Para reagir ao golpe, o presidente Luis Arce rapidamente se dirigiu à nação convocando movimentos populares e apoiadores às ruas para defender a legalidade. Ao mesmo tempo, nomeou uma nova cúpula militar, cujo primeiro ato oficial foi determinar a volta de todos os batalhões golpistas às suas respectivas bases.

Com um novo comando das Forças Armadas e com o povo nas ruas, o golpe foi derrotado. Zúñiga terminou preso e, agora, a Justiça boliviana conduz investigações contra todos os participantes.

As horas de tensão vividas no dia 26 evidenciam o fato de que, cada vez mais, a política interna boliviana se complexifica e que o país se apresenta como um importante palco de disputas globais.

No plano interno, o governo Arce vem sofrendo há meses com uma crise econômica disparada pela ausência de dólares na economia, levando vários setores a realizarem bloqueios de vias em protestos.

Por outro lado, uma grave crise política assola o próprio partido de governo, o MAS (Movimento ao Socialismo), que divide Arce e Evo. Ambos já manifestaram desejo de concorrer nas eleições presidenciais marcadas para 2025 e, até o momento, não parecem ter chegado a uma posição unificada.

Já em termos geopolíticos, as grandes reservas de lítio bolivianas constituem elemento obrigatório a ser considerado quando se analisa a política do país. A Bolívia tem as maiores reservas do recurso no mundo, com cerca de 23 milhões de toneladas concentradas no sul do país.

O mineral é cada vez mais cobiçado por sua importância estratégica na produção de baterias de equipamentos eletrônicos e veículos elétricos e, nos últimos anos, os governos de Evo e Arce avançaram em busca de parcerias com potências do chamado Sul Global, como Rússia e China, para aumentar a capacidade de processamento da matéria-prima.

Não à toa, o lítio esteve no centro do mais recente golpe de Estado na Bolívia, que ocorreu em 2019 e terminou derrubando o governo de Evo Morales. À época, o ex-presidente havia acabado de vencer as eleições presidenciais e conquistar o quarto mandato quando tropas golpistas da polícia e do Exército, apoiadas por partidos de direita e setores empresariais, deram um ultimato a Evo e forçaram sua renúncia.

O golpe daquele ano levou ao poder a então desconhecida senadora Jeanine Áñez, que se autoproclamou presidenta. Ela foi responsável por ordenar diversos atos de repressão a movimentos de resistência ao golpe. Os mais reconhecidos foram os de Senkata e Sacaba, que deixaram diversos mortos e mais de 50 feridos, episódio classificado pela Corte Interamericana de Direitos Humanos como um massacre endossado pelo governo.

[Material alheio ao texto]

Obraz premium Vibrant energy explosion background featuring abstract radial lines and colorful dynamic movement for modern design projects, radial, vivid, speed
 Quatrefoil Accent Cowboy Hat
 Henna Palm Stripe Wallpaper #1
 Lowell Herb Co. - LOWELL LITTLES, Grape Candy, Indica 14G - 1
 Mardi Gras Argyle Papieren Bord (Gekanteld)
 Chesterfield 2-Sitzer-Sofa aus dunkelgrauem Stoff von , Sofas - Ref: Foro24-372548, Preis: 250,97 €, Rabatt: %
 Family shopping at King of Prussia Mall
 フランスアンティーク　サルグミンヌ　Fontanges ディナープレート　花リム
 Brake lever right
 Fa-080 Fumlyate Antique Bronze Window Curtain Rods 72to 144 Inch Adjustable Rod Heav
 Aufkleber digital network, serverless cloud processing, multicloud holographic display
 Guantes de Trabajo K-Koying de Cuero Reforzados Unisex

Após a derrubada de Evo, o bilionário Elon Musk foi ao antigo Twitter para dizer que daria “um golpe de Estado em quem quisesse”, após ser questionado sobre uma suposta participação por interesse no lítio.

Os conflitos que se manifestam na Bolívia são representações dos dilemas colocados, em certa medida, para toda a América Latina: a região rica em recursos naturais tem potencial para fazer a diferença nos rumos do planeta e nas disputas de classe em escala global.

Passada a quartelada fracassada do dia 26, as questões que permanecem para os bolivianos — e todos nós latino-americanos — são a importância da capacidade de mobilização e resistência popular e os efeitos de punição aos golpistas.

Seria possível barrar a intentona sem mobilização? Quais os limites de um triunfo apenas nas urnas? O que vai garantir a proteção dos direitos fundamentais dos trabalhadores, seja na Bolívia, na América Latina e em todo o planeta? E, principalmente, como certificar ou, pelo menos, inibir que atos golpistas de extrema direita voltem a acontecer?

Parecem perguntas incontornáveis se quisermos nos preparar para a próxima vez que o perigo do fascismo se apresentar.

Por enquanto, seguimos no exercício do bom jornalismo, registrando os fatos, ouvindo os envolvidos, interpretando concretamente a realidade e defendendo o direito dos bolivianos de decidir o seu próprio futuro.